◆ WHAT YOU NEED TO DO: Starting with the first line of the data below, copy each line up to and including the one containing "Empire Chiffon Ruching". Pictures stay out.

◆ RECORDS FOR THE EXERCISE:
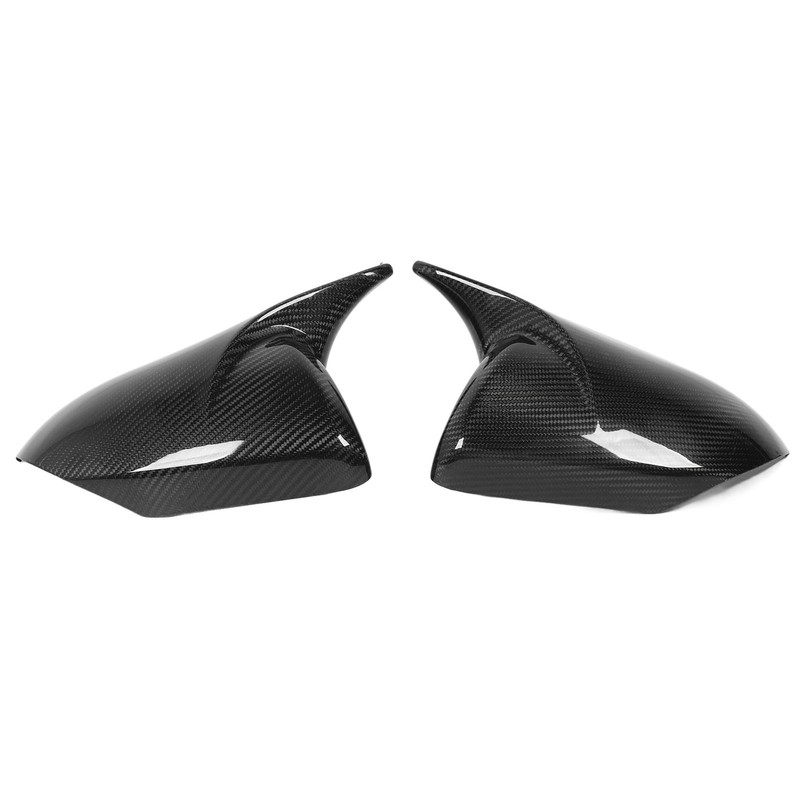 1 Pair Rearview Mirror Cap Carbon Fiber Horn Style Protective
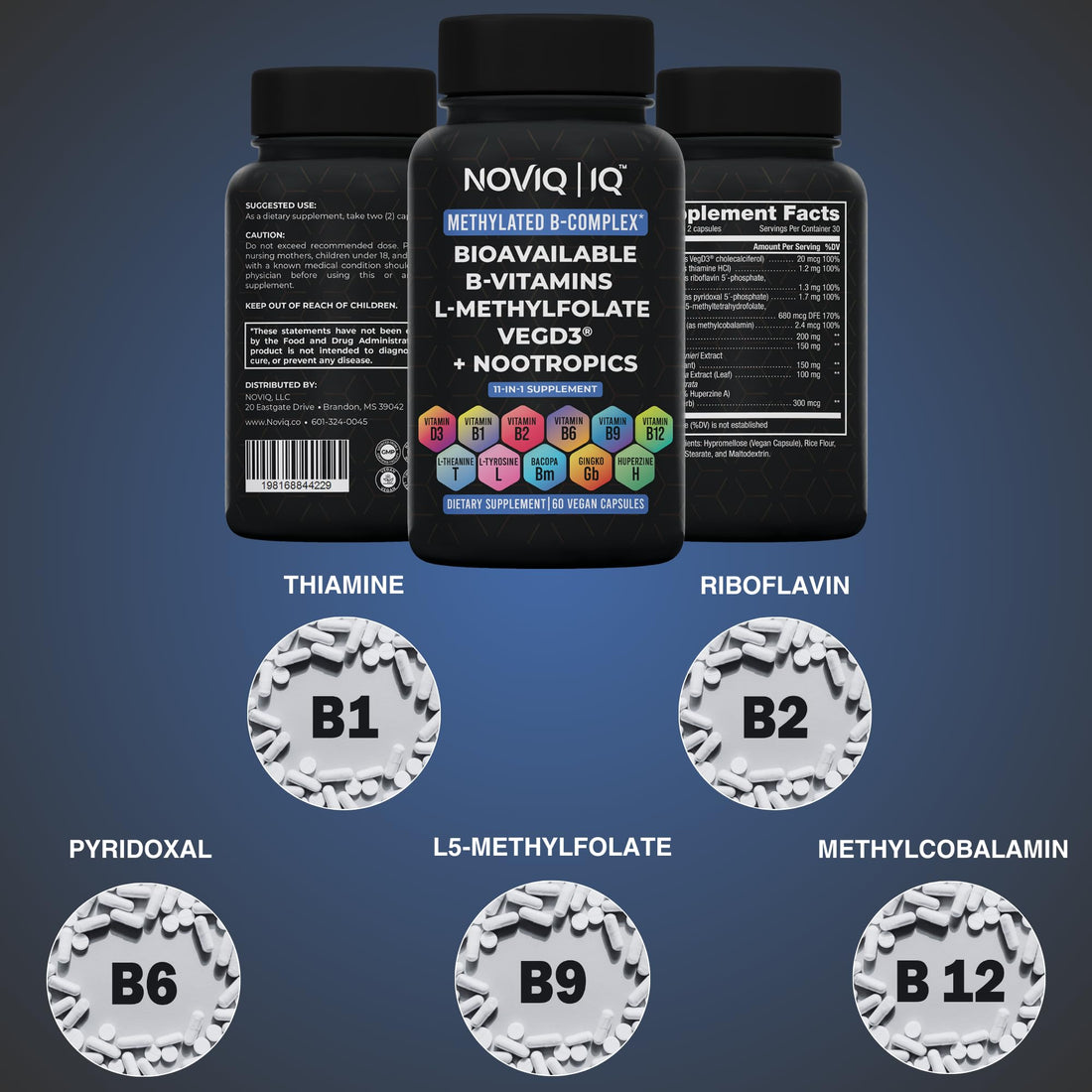 NOVIQ 11-in-1 Methylated B-Complex Supplement: 680mcg L-Methylfolate(5-MTHF) Thiamine(B1) Riboflavin(B2) Pyridoxal(B6) Methylcobalamin(B12) - VegD3® + Nootropics - 1,100mg+ Serving - 60 Count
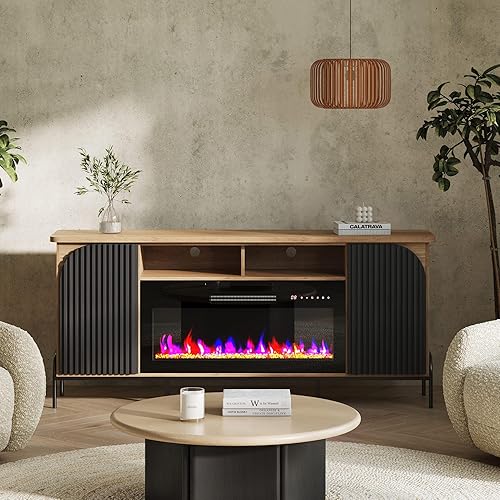 BELLEZE 68" Fluted TV Stands with 36" Electric Fireplace, Modern Entertainment Center with Storage for TVs Up to 75", Media Console with Curved Panel & Door,TV Cabinet for Living Room Bedroom (Camel)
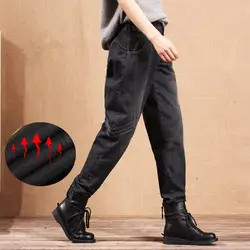 Плюс Размеры S-5XL зимние джинсы брюки Повседневное джинсы для женщин; Большие размеры толстые джинсы женские шаровары детские брюки до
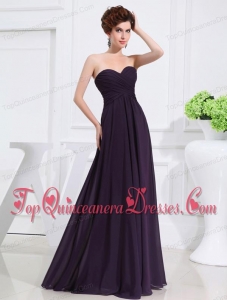 Empire Chiffon Ruching Strapless Dark purple Floor-length Dama Dresses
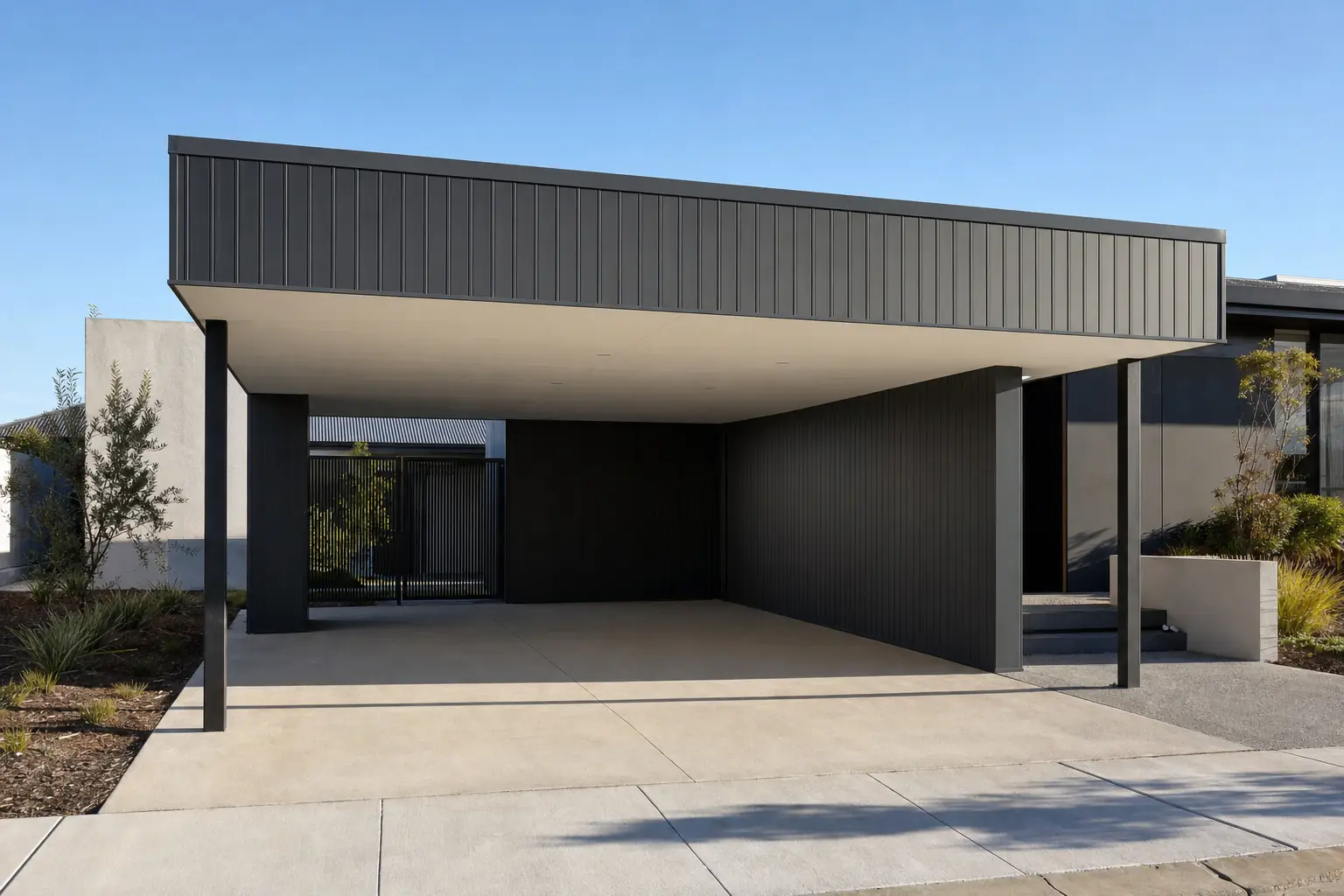 Flat roof carport with contemporary low-profile design in Perth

◆ SOLUTION TO THIS PROBLEM:
 1 Pair Rearview Mirror Cap Carbon Fiber Horn Style Protective
 NOVIQ 11-in-1 Methylated B-Complex Supplement: 680mcg L-Methylfolate(5-MTHF) Thiamine(B1) Riboflavin(B2) Pyridoxal(B6) Methylcobalamin(B12) - VegD3® + Nootropics - 1,100mg+ Serving - 60 Count
 BELLEZE 68" Fluted TV Stands with 36" Electric Fireplace, Modern Entertainment Center with Storage for TVs Up to 75", Media Console with Curved Panel & Door,TV Cabinet for Living Room Bedroom (Camel)
 Плюс Размеры S-5XL зимние джинсы брюки Повседневное джинсы для женщин; Большие размеры толстые джинсы женские шаровары детские брюки до
 Empire Chiffon Ruching Strapless Dark purple Floor-length Dama Dresses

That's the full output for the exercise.